__What you will do__: Look for "with" in the material below and show each line that contains it.
** Opening Records provided block **
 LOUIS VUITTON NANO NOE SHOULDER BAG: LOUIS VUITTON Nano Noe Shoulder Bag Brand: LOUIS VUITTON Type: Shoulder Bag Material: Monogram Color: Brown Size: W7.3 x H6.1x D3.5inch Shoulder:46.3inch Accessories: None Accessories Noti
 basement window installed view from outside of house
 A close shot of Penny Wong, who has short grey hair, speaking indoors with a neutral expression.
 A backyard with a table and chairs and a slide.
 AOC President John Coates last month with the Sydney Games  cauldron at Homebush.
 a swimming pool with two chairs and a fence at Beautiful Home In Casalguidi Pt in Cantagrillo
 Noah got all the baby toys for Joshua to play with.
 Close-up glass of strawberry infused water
** Closing Records provided block **
__Output for this task__:
 A close shot of Penny Wong, who has short grey hair, speaking indoors with a neutral expression.
 A backyard with a table and chairs and a slide.
 AOC President John Coates last month with the Sydney Games  cauldron at Homebush.
 a swimming pool with two chairs and a fence at Beautiful Home In Casalguidi Pt in Cantagrillo
 Noah got all the baby toys for Joshua to play with.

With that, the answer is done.